Pequenos produtores indígenas e ribeirinhos da Amazônia se aproximam de investidores que buscam transparência e garantia de impacto positivo à biodiversidade e as pessoas da floresta
É crescente o fluxo financeiro global para clima e biodiversidade, mas o alto potencial de investimentos no Brasil é travado – entre outros fatores – pela falta de sistemas confiáveis que garantem origem e práticas sustentáveis de modo a conectar indígenas e pequenos agricultores a quem quer financiá-los para impulsionar a renda e manter a floresta de pé. Investidores buscam maior nível de transparência, credibilidade e clareza dos reais impactos dos aportes na qualidade de vida das comunidades – desafio que motivou a startup 3Agro a aliar soluções da bioeconomia e tecnologia digital para mudar os padrões da agricultura regenerativa.
“O objetivo é tornar a atividade verificável e rastreável por meio de um sistema global inovador como forma de destravar financiamentos, em conexão com as pessoas que protegem a floresta e o clima do planeta”, afirma Taynaah YepáRio Reis, CEO da startup. Programadora com mestrado em governança ambiental na Suíça e especializações em Harvard e MIT, nos EUA, ela trocou o mundo das fintechs por inovações digitais aplicadas à agricultura familiar, em especial na Amazônia.

“É grande a demanda por ajudar na proteção da floresta, mas muitos não sabem como”, acrescenta a empreendedora. Como neta de indígena curandeira guarani e batismo na etnia tucano, do Amazonas, a sensibilidade para o tema vem do berço. O pai, Luiz Antônio Reis, foi um dos criadores do Programa Nacional de Fortalecimento da Agricultura Familiar (Pronaf), que em 30 anos mobilizou R$ 700 bilhões para pequenos produtores. Na startup, o desafio é integrá-los a protocolo de rastreabilidade e carbono, orientado pela biodiversidade e impacto positivo às pessoas na floresta. “Queremos mudar o jogo, porque atualmente o mundo busca regenerar a natureza usando ferramentas fragmentadas, dados não verificáveis em modelos que excluem as populações que fazem o trabalho”.

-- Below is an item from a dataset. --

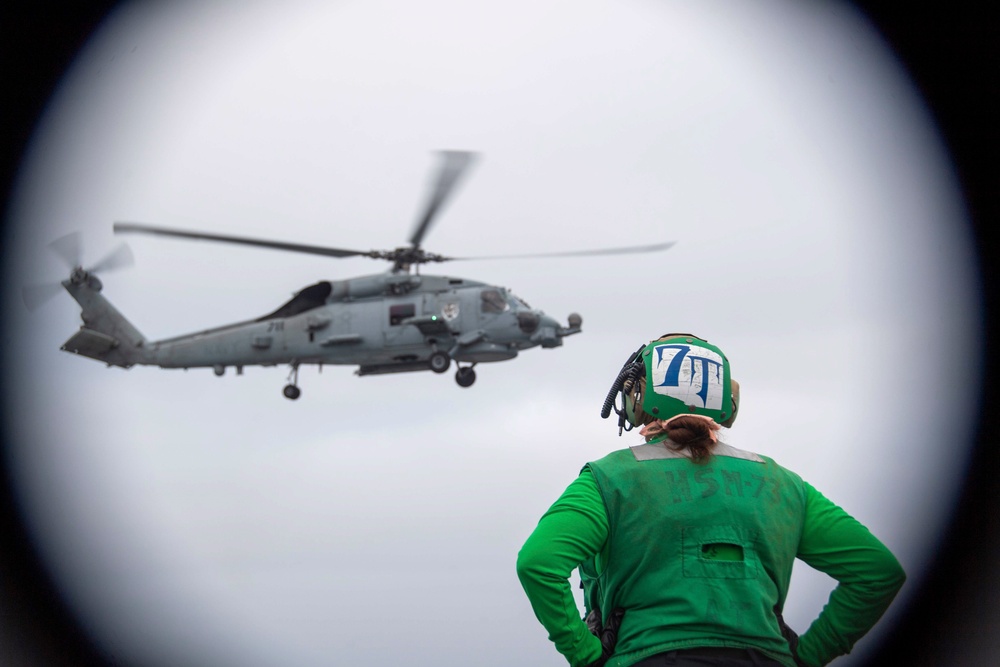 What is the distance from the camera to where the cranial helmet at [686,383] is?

A tecnologia é essencial para replicar e aumentar a escala das soluções, como o Passaporte Vivo, criado pela 3Agro. Muito além dos aplicativos climáticos comuns no mercado, a inovação funciona como um multicadastro com registros detalhados do perfil de cada comunitário, práticas de produção, fontes de renda, histórias de vida, saberes tradicionais e potencialidades de cada território, entre outros itens que são monitorados por relatórios de impacto. Segundo Taynaah, os pequenos agricultores indígenas e ribeirinhos administram grande parte da fauna e flora da Amazônia, mas carecem de identidade, rastreabilidade ou acesso aos mercados de carbono ou de biodiversidade.

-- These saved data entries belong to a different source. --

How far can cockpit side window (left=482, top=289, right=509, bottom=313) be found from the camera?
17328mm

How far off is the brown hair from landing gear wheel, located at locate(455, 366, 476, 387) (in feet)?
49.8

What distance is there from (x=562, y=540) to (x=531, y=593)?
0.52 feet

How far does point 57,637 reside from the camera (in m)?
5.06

“Protegem a floresta, mas permanecem invisíveis”, reforça a empreendedora, ao destacar o complexo trabalho de inteligência digital da 3Agro no suporte a financiadores e investidores que querem compensar impactos ao clima e à natureza melhorando a vida de quem preserva. Em fase inicial, o sistema abrange cerca de 300 produtores de açaí em Inhangapi (PA), com expectativa de expandir para 3 mil comunitários, incluindo 23 etnias indígenas no Amazonas.
Como estratégia de agregação de valor e acesso a mercados, o apoio inclui a certificação pelo selo de Indicação Geográfica, concedida pelo Instituto Nacional da Propriedade Industrial (INPI) a produtos ou serviços que têm qualidades únicas devido à sua localização de origem – a exemplo do solo, do clima e do saber-fazer local.
Fazer investimentos chegarem a quem precisa sem intermediários
O negócio da startup tem como base um protocolo digital que atribui a cada agricultor, parcela de terra e dados verificáveis em captura de carbono, restauração da biodiversidade e Inclusão social – tudo rastreável da floresta à prateleira, por meio de tecnologia blockchain e Inteligência Artificial (IA). Cada propriedade ganha passaporte digital exclusivo, com QR code que mostra toda a jornada de impacto e certificações, pronto para acesso do comprador ou para compor relatórios de sustentabilidade.
A partir desses registros, o modelo operado pela 3Agro permite emissão de créditos de carbono e biodiversidade para investimento direto nas comunidades, sem intermediários. Em outro produto da empresa, o Passaporte Verde, voltado a investidores individuais, qualquer pessoa pode calcular a pegada de carbono e biodiversidade e obter indicações de como compensá-las por meio de apoio financeiro com aumento da renda e qualidade de vida nos territórios.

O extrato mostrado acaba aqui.